Up to 40 million people, including those in Chicago, Indianapolis, Detroit, and Memphis, Tennessee, were in the path of the storms later on Wednesday, according to the Storm Prediction Center. As of late morning, the area from southern Michigan through Tennessee and Kentucky seemed to be in the most danger.
Deadly tornadoes touched down in 11 states as a powerful storm system moved from Arkansas to the South, Midwest, and Northeast over the course of the weekend. The storms were forecast to pass through Little Rock, Arkansas during the morning rush on Wednesday, so schools made the decision to cancel classes, according to CBS station KFVS-TV.
Before dusk on Tuesday, storms hit Illinois, eastern Iowa, and southwest Wisconsin, producing at least two verified tornadoes in Illinois. Authorities reported five injuries and 300 homes without electricity when a tornado hit Fulton County on Tuesday night in central Illinois.
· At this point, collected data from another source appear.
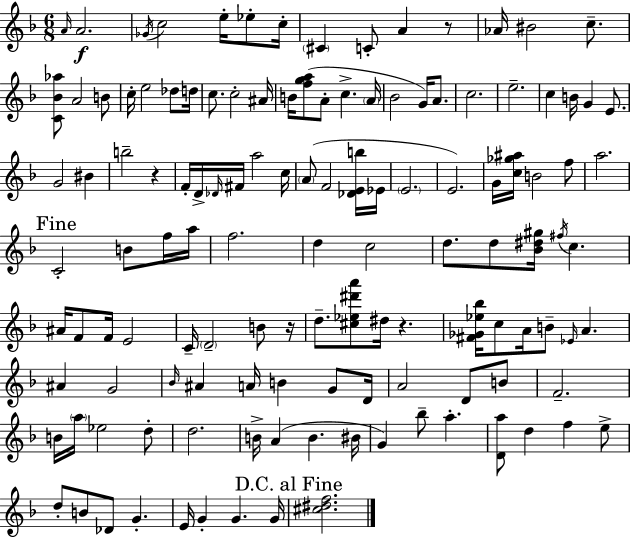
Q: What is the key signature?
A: F major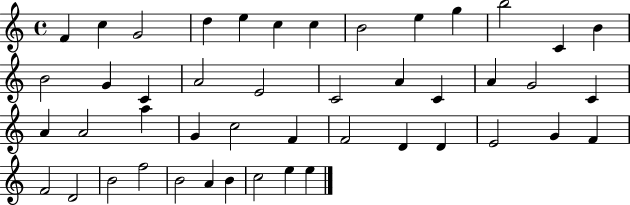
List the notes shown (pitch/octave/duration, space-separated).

F4/q C5/q G4/h D5/q E5/q C5/q C5/q B4/h E5/q G5/q B5/h C4/q B4/q B4/h G4/q C4/q A4/h E4/h C4/h A4/q C4/q A4/q G4/h C4/q A4/q A4/h A5/q G4/q C5/h F4/q F4/h D4/q D4/q E4/h G4/q F4/q F4/h D4/h B4/h F5/h B4/h A4/q B4/q C5/h E5/q E5/q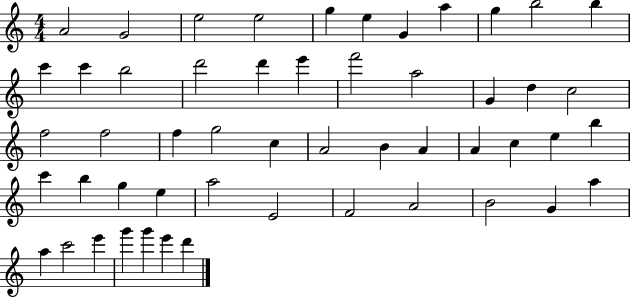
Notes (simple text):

A4/h G4/h E5/h E5/h G5/q E5/q G4/q A5/q G5/q B5/h B5/q C6/q C6/q B5/h D6/h D6/q E6/q F6/h A5/h G4/q D5/q C5/h F5/h F5/h F5/q G5/h C5/q A4/h B4/q A4/q A4/q C5/q E5/q B5/q C6/q B5/q G5/q E5/q A5/h E4/h F4/h A4/h B4/h G4/q A5/q A5/q C6/h E6/q G6/q G6/q E6/q D6/q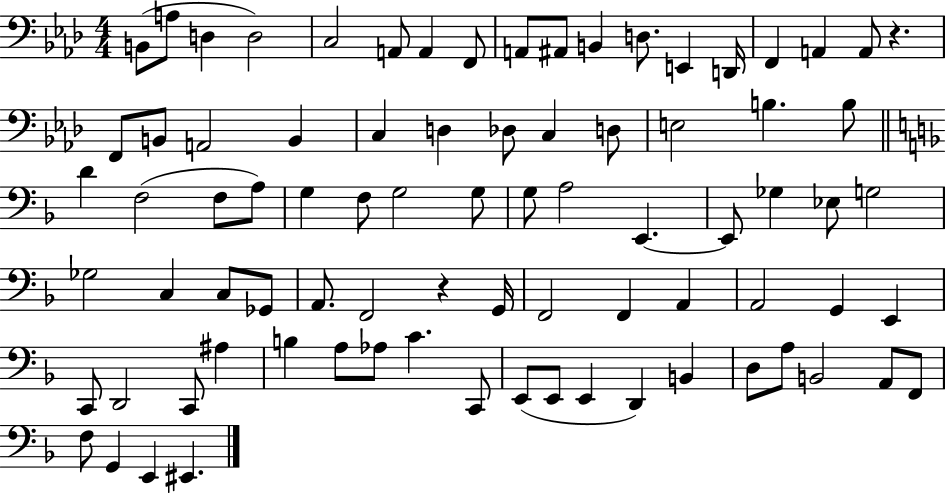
B2/e A3/e D3/q D3/h C3/h A2/e A2/q F2/e A2/e A#2/e B2/q D3/e. E2/q D2/s F2/q A2/q A2/e R/q. F2/e B2/e A2/h B2/q C3/q D3/q Db3/e C3/q D3/e E3/h B3/q. B3/e D4/q F3/h F3/e A3/e G3/q F3/e G3/h G3/e G3/e A3/h E2/q. E2/e Gb3/q Eb3/e G3/h Gb3/h C3/q C3/e Gb2/e A2/e. F2/h R/q G2/s F2/h F2/q A2/q A2/h G2/q E2/q C2/e D2/h C2/e A#3/q B3/q A3/e Ab3/e C4/q. C2/e E2/e E2/e E2/q D2/q B2/q D3/e A3/e B2/h A2/e F2/e F3/e G2/q E2/q EIS2/q.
Emergency Services Disaster Agency Director Chris Helle reported that one of the injured was in critical condition. According to Helle, most of the destruction occurred within a 200-mile radius of the town of Bryant, which is located southwest of Chicago.
Helle reported that many houses had been damaged, however firefighters and other first responders were still assessing the situation. He said individuals were wise for taking refuge after hearing warnings. Colona, located in western Illinois, reportedly experienced yet another tornado on Tuesday morning. Some stores were reportedly damaged by the wind, according to local media.
Hail the size of a baseball and winds of up to 90 miles per hour combined to wreak havoc in the Quad Cities region of Iowa and Illinois. Reports of blown-over semi-trailers were also received by the National Weather Service from Lee County, which is located about 95 miles west of Chicago.